Both personal loans and car finance products are credit agreements. Failure to keep up with repayments on any type will damage your credit record. With hire purchase, missing payments before the final instalment means the finance company can repossess the vehicle.
Quick answer
A personal loan means you own the car immediately, borrow at a fixed rate, and have no mileage or condition restrictions at the end. Dealer finance (HP or PCP) may offer lower monthly payments (especially PCP) but often means you do not own the car until the final payment. The lowest monthly payment is not always the cheapest option - compare the total amount repayable on each before deciding.
Direct Comparison
| Factor | Personal Loan | HP | PCP |
|---|---|---|---|
| Own car immediately? | Yes | No (at final payment) | No (balloon or return) |
| Monthly payment | Medium | Medium | Lower |
| Fixed term? | Yes | Yes | Yes |
| Mileage restrictions? | None | None | Yes (if keeping car) |
| Can sell at any time? | Yes | Must settle finance | Must settle finance |
| Balloon payment at end? | No | No (small option fee) | Yes (large) |
| 0% deals available? | Rarely | Sometimes (dealer) | Sometimes (dealer) |
The Rate Comparison
For a fair comparison, you must look at the total amount repayable - not just the monthly payment. A PCP with a lower monthly payment still has a balloon payment at the end. If you intend to buy the car at the end, include that balloon in your total cost calculation.

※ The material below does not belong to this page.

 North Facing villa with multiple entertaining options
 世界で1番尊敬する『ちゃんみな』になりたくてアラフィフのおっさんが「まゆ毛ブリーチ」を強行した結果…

When to Choose a Personal Loan
A personal loan works best when: the APR is competitive with or better than the dealer's finance offer; you want immediate legal ownership and full flexibility; you are buying a used car not available with manufacturer-backed finance; or you want to use your cash-buyer status to negotiate a better vehicle price.
When to Choose Dealer Finance
Dealer finance may win when: the manufacturer is offering 0% or very low promotional rates (this subsidy is difficult to beat with a personal loan); your credit profile makes an unsecured personal loan difficult to obtain; or you specifically want the PCP flexibility of handing the car back at the end without a residual liability.
Frequently Asked Questions
PCP monthly payments are typically lower than a personal loan for the same car, because the final balloon payment defers a large portion of the total cost to the end of the agreement. But this does not mean PCP is cheaper in total - it depends on the interest charged before you factor in the balloon. Compare the total amount repayable on each option over the same period to make a fair comparison. If you plan to buy the car at the end of a PCP, compare the full cost against a personal loan and HP deal.
With Hire Purchase (HP), you do not legally own the car until you make the final payment. With PCP, you do not own the car during the agreement - and may not own it at the end unless you opt to pay the balloon payment. With a personal loan, you own the car outright from day one. Ownership during the agreement period matters if you want to sell the car, modify it, or if the finance house runs into difficulties.
Yes, but you need to settle the outstanding finance first. If your car's value exceeds the outstanding settlement figure (the amount owed plus any early settlement fees), you have positive equity you can use toward a new vehicle. If the car's value is less than the settlement figure (which is common early in a PCP), you would need to pay the difference. Always get a settlement figure before committing to a part-exchange.
If your credit score is poor, dealer HP finance may be more accessible than a personal loan, because the car itself provides the lender with security. HP lenders can repossess the vehicle if you default, which reduces their risk and may allow approval where an unsecured personal loan would be declined. A guarantor car finance deal is another option. Read our bad credit loans guide for context on unsecured alternatives.
If your car is written off (total loss) while on finance, your insurer will pay the car's current market value. If this is less than the outstanding finance balance (which is common in the early years), you face a shortfall - you owe the difference to the finance company. GAP (Guaranteed Asset Protection) insurance covers this shortfall. GAP insurance is available from dealers and specialist providers - it is worth comparing prices, as dealer-supplied GAP can be expensive.